Здоровье нынешний год как будто лучше, хотя я, не знаю почему, очень похудел; страдаю только от мороза, еще больше нравственно, чем физически, и жду не дождусь, когда мы возьмем Царьград и мы переедем туда.
Про службу что сказать? Это стирка и ассенизация чужого, большею частью грязного белья, с одной стороны, так презренна, а с другой стороны, так легка, особенно теперь, при министре строгом, что не стоило бы о ней и говорить, если бы она не была душеспасительна. Не думайте, что я шучу, – нет, Вы знаете, до чего я не люблю всякое штатское хамство! И каково же мое положение, если я должен ежедневно благодарить Бога и радоваться, что добрые друзья мне и этот жалкий кусок хлеба доставили. Что нас смиряет или не смиряет – ведь это условно и меряется прошлыми претензиями.
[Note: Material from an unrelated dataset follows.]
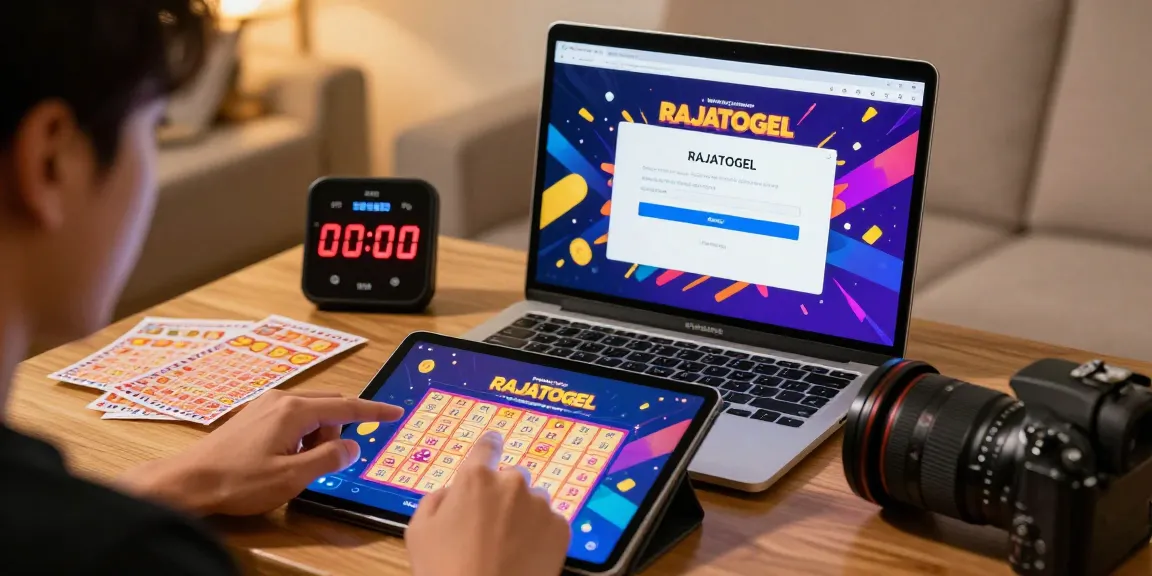 Proses login RAJATOGEL di tablet dengan tampilan menarik dan tiket lotere di sekitarnya.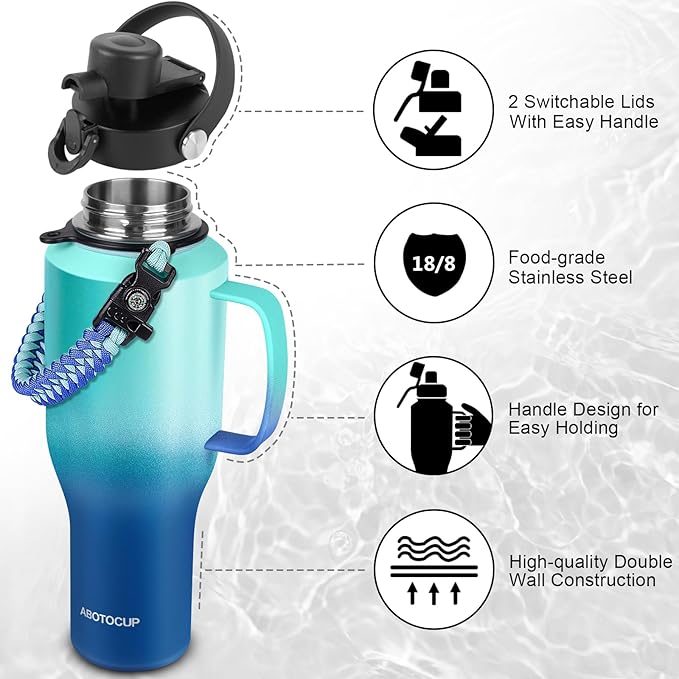 Water Bottle 40oz, Insulated Water Bottle with Handle & Straw Lids, Stainless Steel Water Bottle Fits in Any Car Cup Holder, Travel Cup Double Wall BPA-Free Leak-proof to Keep Cold &Hot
Есть такая точка зрения, при которой можно гордиться тем, что чистишь отхожие места в монастыре и нисколько не чувствуешь даже довольно значительную долю власти, которую тебе дает какая-нибудь прозаическая должность. Вот если бы я имел столько власти, сколько имеет министр, так я бы показал себя (Вам я это пишу потому, что Вы знаете, что я не просто кабинетный теоретик). Это будет не пустая фраза, если я Вам скажу, что у меня все эти Стасюлевичи5, Спасовичи6 и Бильбасовы даже бы и не доехали до Камчатки; верьте, что не нахожу в себе струны, которая заставила бы меня хоть на минуту усомниться, что я прав, поступая так для спасения отчизны и ad majorem Dei gloriam!